----- Supplied records
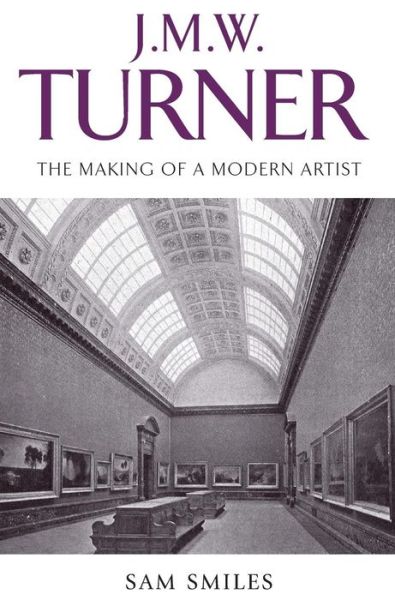 Cover for Sam Smiles · J. M. W. Turner: The Making of a Modern Artist (Hardcover Book) (2007)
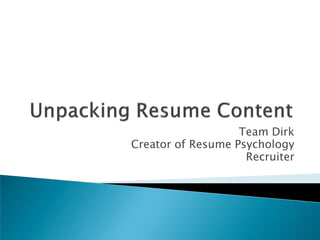 Dirk Spencer
Creator of Resume Psychology©
Corporate Recruiter
 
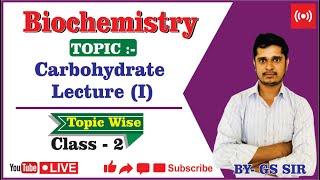 Carbohydrates ,Classification of Carbohydrates , Monosaccharides , Oligosccharides , By GS Sir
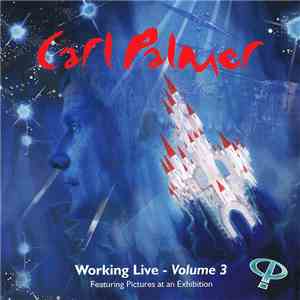 Carl Palmer - Working Live - Volume 3 download flac mp3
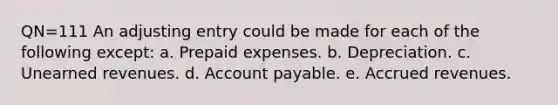 QN=111 An adjusting entry could be made for each of the following except: a. <a href='https://www.questionai.com/knowledge/kUVcSWv2zu-prepaid-expenses' class='anchor-knowledge'>prepaid expenses</a>. b. Depreciation. c. <a href='https://www.questionai.com/knowledge/kJai9DDOaA-unearned-revenues' class='anchor-knowledge'>unearned revenues</a>. d. Account payable. e. <a href='https://www.questionai.com/knowledge/kn2f44zqYV-accrued-revenues' class='anchor-knowledge'>accrued revenues</a>.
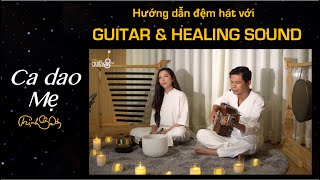 HƯỚNG DẪN ĐỆM HÁT - Guitar với Healing Sound CA DAO MẸ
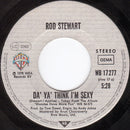 Rod Stewart : Da' Ya' Think I'm Sexy (7", Single)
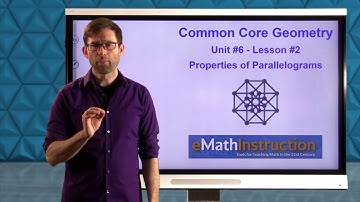 Common Core Geometry.Unit #6.Lesson #2.Properties of Parallelograms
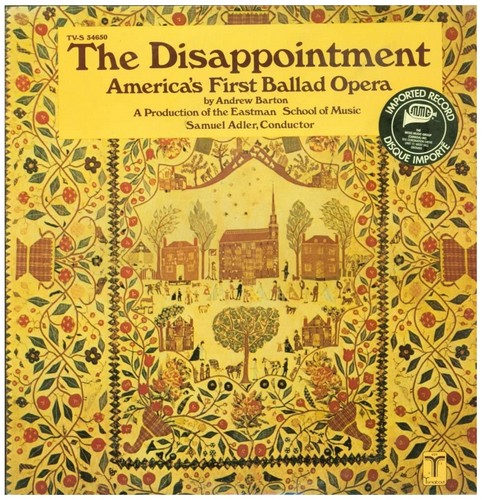 Samuel Adler / Andrew Barton - The Disappointment - America's First Ballad Opera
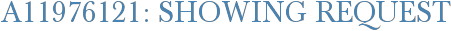 A11976121: Showing Request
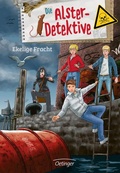 Cover: Die Alster-Detektive 3. Ekelige Fracht - Oetinger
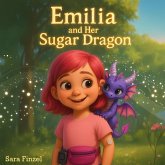 Emilia and Her Sugar Dragon Emilia and Her Sugar Dragon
----------
• **Required action**
Write out again, exactly, each line from the one containing "Corporate Recruiter" through the last line of the entries, and omit every picture.

• **Solution below**
Corporate Recruiter
 
 Carbohydrates ,Classification of Carbohydrates , Monosaccharides , Oligosccharides , By GS Sir
 Carl Palmer - Working Live - Volume 3 download flac mp3
 QN=111 An adjusting entry could be made for each of the following except: a. <a href='https://www.questionai.com/knowledge/kUVcSWv2zu-prepaid-expenses' class='anchor-knowledge'>prepaid expenses</a>. b. Depreciation. c. <a href='https://www.questionai.com/knowledge/kJai9DDOaA-unearned-revenues' class='anchor-knowledge'>unearned revenues</a>. d. Account payable. e. <a href='https://www.questionai.com/knowledge/kn2f44zqYV-accrued-revenues' class='anchor-knowledge'>accrued revenues</a>.
 HƯỚNG DẪN ĐỆM HÁT - Guitar với Healing Sound CA DAO MẸ
 Rod Stewart : Da' Ya' Think I'm Sexy (7", Single)
 Common Core Geometry.Unit #6.Lesson #2.Properties of Parallelograms
 Samuel Adler / Andrew Barton - The Disappointment - America's First Ballad Opera
 A11976121: Showing Request
 Cover: Die Alster-Detektive 3. Ekelige Fracht - Oetinger
 Emilia and Her Sugar Dragon Emilia and Her Sugar Dragon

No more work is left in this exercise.